Pero vino agosto. Por fin se lo vinculó como el número uno, como el mero gánster. Como el canalla que siempre fue, escondido detrás de las medallas napoleónicas. Un esqueleto en un palacete. Y llegó el 27. Ese paro convocado por la Asamblea Social y Popular y por la USAC. Nos unimos los grupos urbanos. Se sumaron los mercados cantonales. Después, pequeños negocios. Barberías de barrio. Pizzerías como L’Aperó. Hasta que se unió Saúl, y allí fue donde, quizá por el gusto por la moda, la gente dijo ahora es cuando.
Una avalancha de negocios pequeños y medianos mandó sus comunicados diciendo que no
trabajaban. Lo de McDonald’s fue inédito: alguien creó un comunicado falso, y la dueña aclaró que ellos no cerraban. Pero la gente, ese océano que al final derribó al presidente, le escribió en el muro a Mac que cómo era eso de que para el McDía sí nos pedía de todo, y hoy, el día G, el día que necesitábamos de ustedes, nos respondieran así de secos.
Entonces no tuvo de otra: cerraron Mac y Pollo Campero. Y al final, ya cuando caminábamos a la plaza, escuchamos que la gran cervecería se unía a la gente. El Cacif sacó el comunicado diciendo que no se oponía. Una semana antes había rechazado el paro porque un solo día era demasiado para no trabajar. Nosotros pensábamos en aquellas señoras que dejaron sus almacenes, sus puestos de mercado. Para ellas un día lo era todo. Y así fue.

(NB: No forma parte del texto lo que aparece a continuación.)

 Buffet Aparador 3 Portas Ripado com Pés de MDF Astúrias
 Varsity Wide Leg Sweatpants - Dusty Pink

Ese día la gente entró a la plaza y salió de ella. Dijo que el parque no era de aquellos que gobiernan.
Simbólicamente se demostró que la plaza central es más que los edificios que la rodean. Que ese lugar allí está y que es nuestro. Pero aun así el tipo no se iba. Dijo en cadena nacional que no se iba. Se le siguió el trámite constitucional. Se fue la denuncia al Congreso. Su Congreso. El que había manejado junto con Baldizón. Había poco tiempo, y allí los dioses pusieron en esa comisión a Nineth.

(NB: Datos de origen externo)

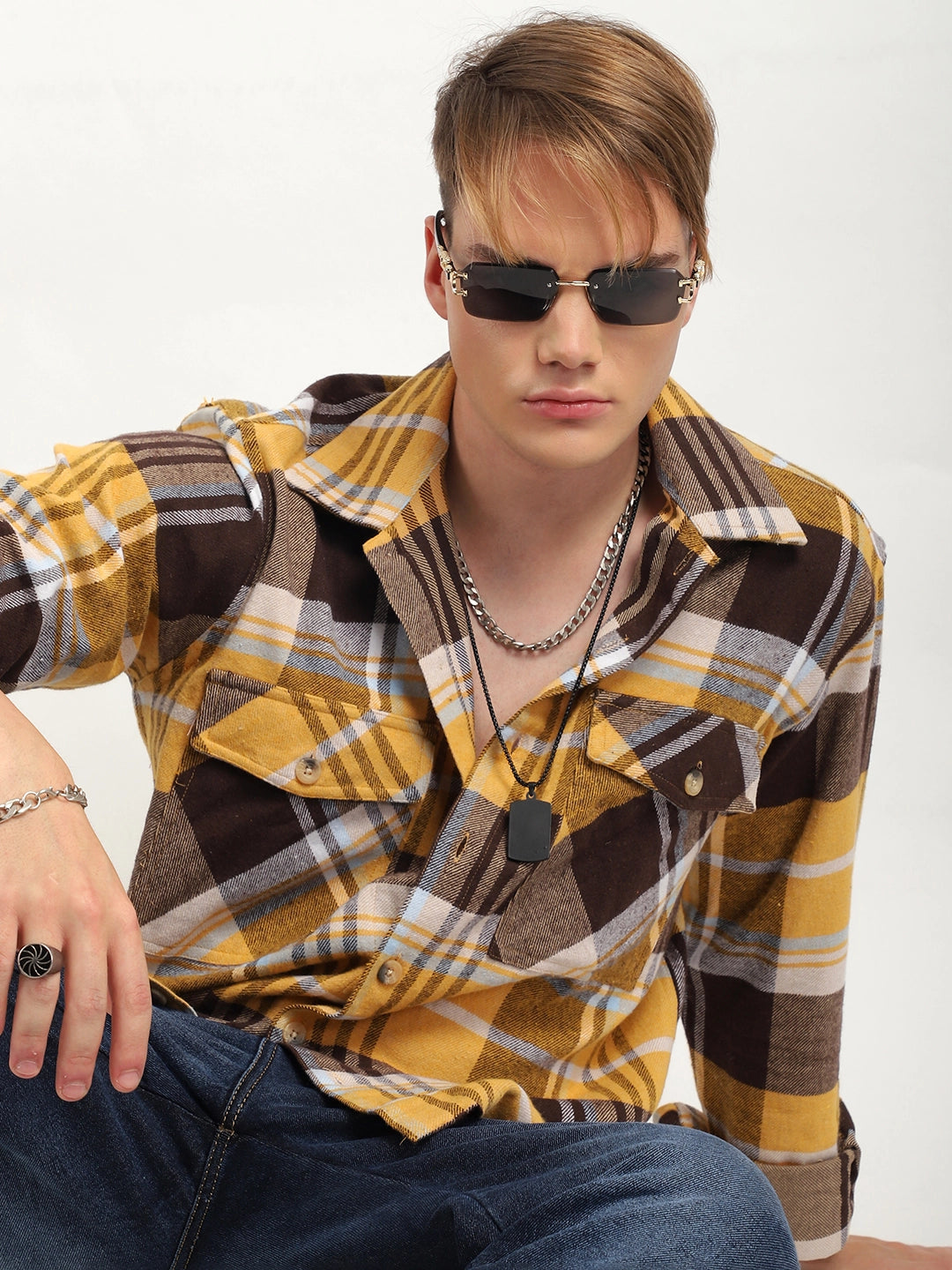 Grosvenor Palade Check Yellow Full Sleeve Shirt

Ella se encerró y dijo que no salía del Salón del Pueblo hasta que la comisión decidiera sacar el dictamen para pedir el retiro de la inmunidad del soldadito Pérez. Durmió allí Nineth, en camas inflables, junto a varios de la sociedad, estudiantes. En una de esas sentías que saltaba Ríos Montt del cuadro y te comía a tiros. Pero no. A los dos días tocaba votar en el Congreso, y los sindicatos del presidente bloquearon la entrada. Llegó la gente. Llego el MCN con rosas blancas para hacer las paces. Eso es lo que digo: fuimos una sola a pesar de ser tan diversa. Se formó una valla para escoltar a los diputados para que uno a uno entraran al hemiciclo.

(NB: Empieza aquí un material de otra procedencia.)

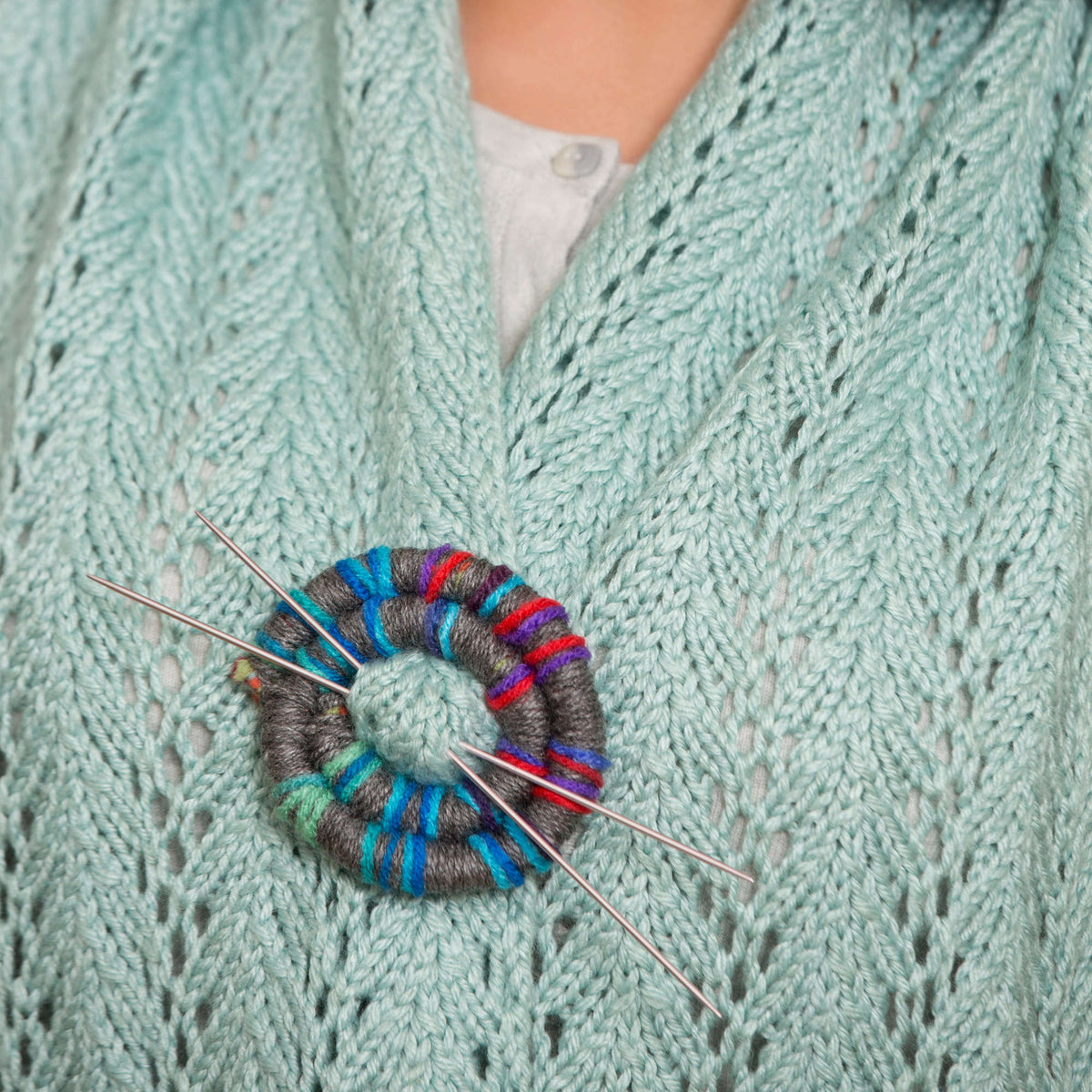 Craft Pin made in Red Heart Super Saver Yarn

Llegaron 132. Solo faltaron los que Líder le había ofrecido a Pérez que faltarían. El que votara en contra estaría crucificado. En el tablero iban subiendo los votos: 60, 70… Se necesitaban 105. En eso se estancó. Villate se paró y gritó: «¡Vamos, Líder! ¡A votar!». Subió el tablero, que ya iba por 100. Rebasó los 105. Nadie sabía exactamente lo que esto significaba. Nadie sabía si ya no había marcha atrás. Algunos diputados dijeron que ya se había definido la cosa, pero los votos siguieron subiendo hasta que el tablero llegó a 131. Por unos segundos se estancó.
Le pregunté a alguien: «¿Será Gudy el que falta?». «Es Valentín Gramajo», me dijo. El candidato a vicepresidente por el Patriota. Al final este último votó. Sin inmunidad, al otro día Pérez renunció en la madrugada, como una lagartija. La plaza celebró como nunca celebramos la ida a un Mundial.
Desde entonces estamos haciendo mapas, cronogramas, estrategias, planificaciones. La gente sigue, después de un año, encendida. Sabemos que es ahora cuando podemos construir un país multicultural, tener por fin un Estado moderno, que funcione, salir de la miseria campante para seguir un rumbo compuesto por varias visiones encontradas. Nunca creímos que Pérez iba a salir. Nunca creímos que íbamos a estar acá, buscando redactar el futuro.